Arnaud Geiser 2024-12-06T08:14:15.304689Z

One thread equals to 1MiB off-heap by default on the JVM. You can tweak the value by passing -Xss512k instead. So it's expected than a virtual thread executor will use less memory in that regard.

Arnaud Geiser 2024-12-06T08:15:15.528319Z

How many threads had you running before you introduced your Virtual Thread Executor?

valerauko 2024-12-06T08:15:30.760269Z

> Enabling native memory tracking showed me that this reduced total thread count from #155 to #105

valerauko 2024-12-06T08:16:22.362079Z

I do not manually set a limit on thread count, leave it to the executors (at least at this point)

valerauko 2024-12-06T08:17:27.098719Z

Each thread would need to be 20MB+ to explain a 1GB difference with 50 threads less and I could see no such memory use reported anywhere

Arnaud Geiser 2024-12-06T08:21:11.735469Z

Would your mind sharing your Native Memory Tracking? Which contains both the heap and off-heap values for the two situations?

valerauko 2024-12-06T08:25:05.014279Z

Sure. Let me know if I was doing something wrong

Arnaud Geiser 2024-12-06T08:28:10.578169Z

Yep, you are right, nothing shows up here. What your service is actually doing underneath? Is it possible you are spawning new process?

valerauko 2024-12-06T08:28:56.917969Z

I don't think so. It uses ImageIO to rescale an input image into four different sizes (in parallel) and upload each to S3. As far as I'm aware there's no process spawning (never observed any happening)

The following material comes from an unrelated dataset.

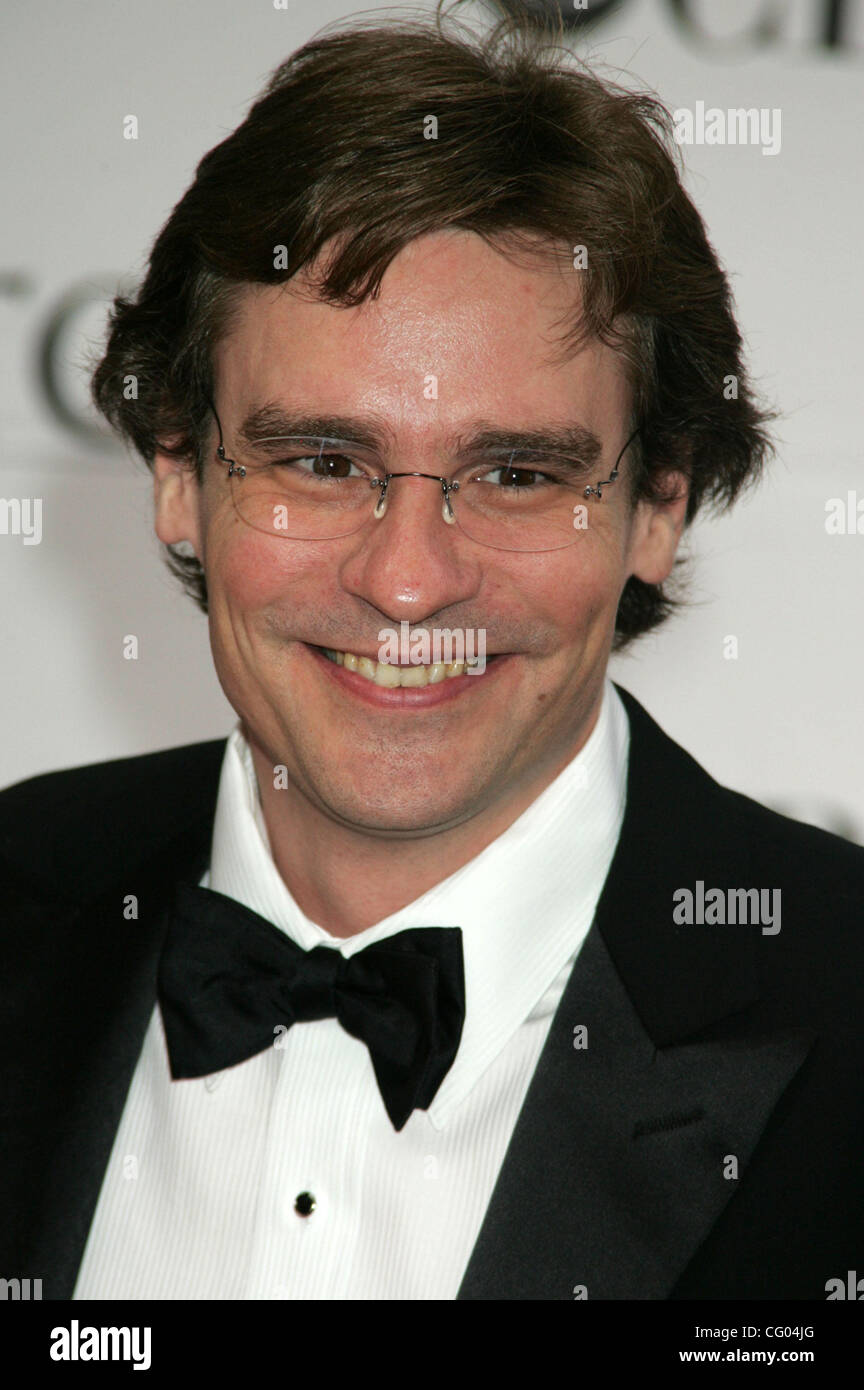 Jun 10, 2007 - New York, NY, USA - Actor ROBERT SEAN LEONARD at the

Arnaud Geiser 2024-12-06T08:46:44.028649Z

Arff.. I don't have other ideas here. 😞

valerauko 2024-12-06T08:50:57.722679Z

Thanks for thinking about it anyway. Next chance I have some time to debug this further I'll see if I could get something relevant out of clj-async-profiler... But my hopes are slim.

😞 1
valerauko 2024-12-06T08:55:19.474999Z

My two guesses at this point are • some JNI call from ImageIO leaking memory in certain thread contexts • OS threads getting a whole copy of the image binary data and they store it in some way that doesn't appear in any of the metrics, while virtual threads don't While the image I test with isn't that big (~3MB) it has an unusual colorspace and I wouldn't be surprised if the parsed ImageIO object resulting from it takes up 20MB of memory, but I have no idea how would that just go off-heap and into some "uncharted zone"

Arnaud Geiser 2024-12-06T08:56:16.770619Z

Those are two good leads to explore as it's tied to memory used outside of the JVM.